On Wed, 11 Nov 2015 21:29:10 +0100, Tom de Vries  wrote:
> On 09/11/15 19:33, Tom de Vries wrote:
> > On 09/11/15 16:35, Tom de Vries wrote:
> > this patch adds a pass pass_ch_oacc_kernels, which is like pass_ch, but
> > only runs for loops with oacc_kernels_region set.
> >
> > [ But... thinking about it a bit more, I think that we could use a
> > regular pass_ch instead. We only use the kernels pass group for a single
> > loop nest in a kernels region, and we mark all the loops in the loop
> > nest with oacc_kernels_region. So I think that the oacc_kernels_region
> > test in pass_ch_oacc_kernels::process_loop_p evaluates to true. ]
> >
> > So, I'll try to confirm with retesting that we can drop this patch.
> >
> 
> That's confirmed. I can use pass_ch instead of pass_ch_oacc_kernels, so 
> I'm dropping this patch from the series.

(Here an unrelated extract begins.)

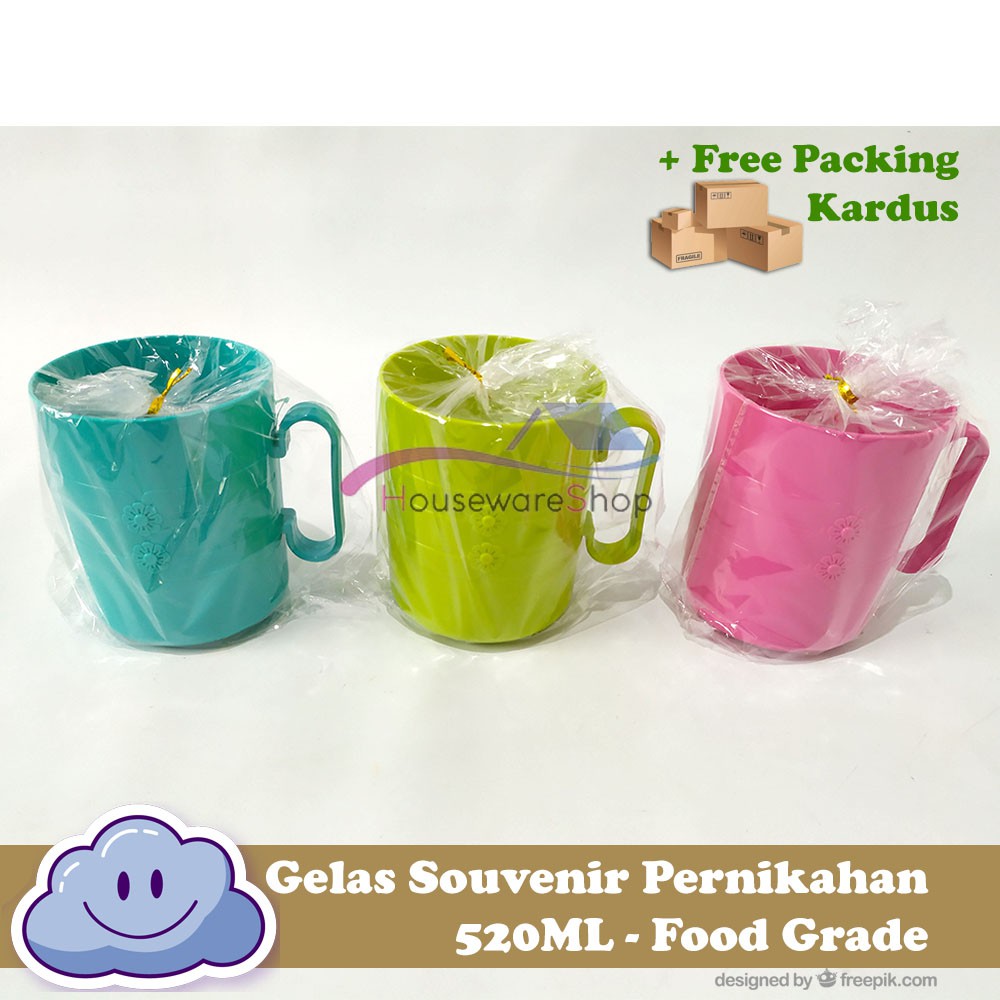 Harga Souvenir Gelas Pernikahan Terbaik Souvenir Pesta Juni 2021 Shopee Indonesia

Committed to gomp-4_0-branch in r231067:

commit 8249e606d83025092e3b0b227360f7e38fe591d4
Author: tschwinge 
Date:   Mon Nov 30 12:05:50 2015 +

Use pass_ch instead of pass_ch_oacc_kernels

gcc/
* passes.def: Use pass_ch instead of pass_ch_oacc_kernels.
* tree-pass.h (make_pass_ch_oacc_kernels): Remove.
* tree-ssa-loop-ch.c: Revert to trunk r230907 version.
gcc/testsuite/
* gcc.dg/tree-ssa/copy-headers.c: Update for new pass_ch.
* gcc.dg/tree-ssa/foldconst-2.c: Likewise.
* gcc.dg/tree-ssa/loop-40.c: Likewise.

git-svn-id: svn+ssh://gcc.gnu.org/svn/gcc/branches/gomp-4_0-branch@231067 
138bc75d-0d04-0410-961f-82ee72b054a4
---
 gcc/ChangeLog.gomp   |6 +++
 gcc/passes.def   |2 +-
 gcc/testsuite/ChangeLog.gomp |6 +++
 gcc/testsuite/gcc.dg/tree-ssa/copy-headers.c |4 +-
 gcc/testsuite/gcc.dg/tree-ssa/foldconst-2.c  |4 +-
 gcc/testsuite/gcc.dg/tree-ssa/loop-40.c  |4 +-
 gcc/tree-pass.h  |1 -
 gcc/tree-ssa-loop-ch.c   |   60 +++---
 8 files changed, 24 insertions(+), 63 deletions(-)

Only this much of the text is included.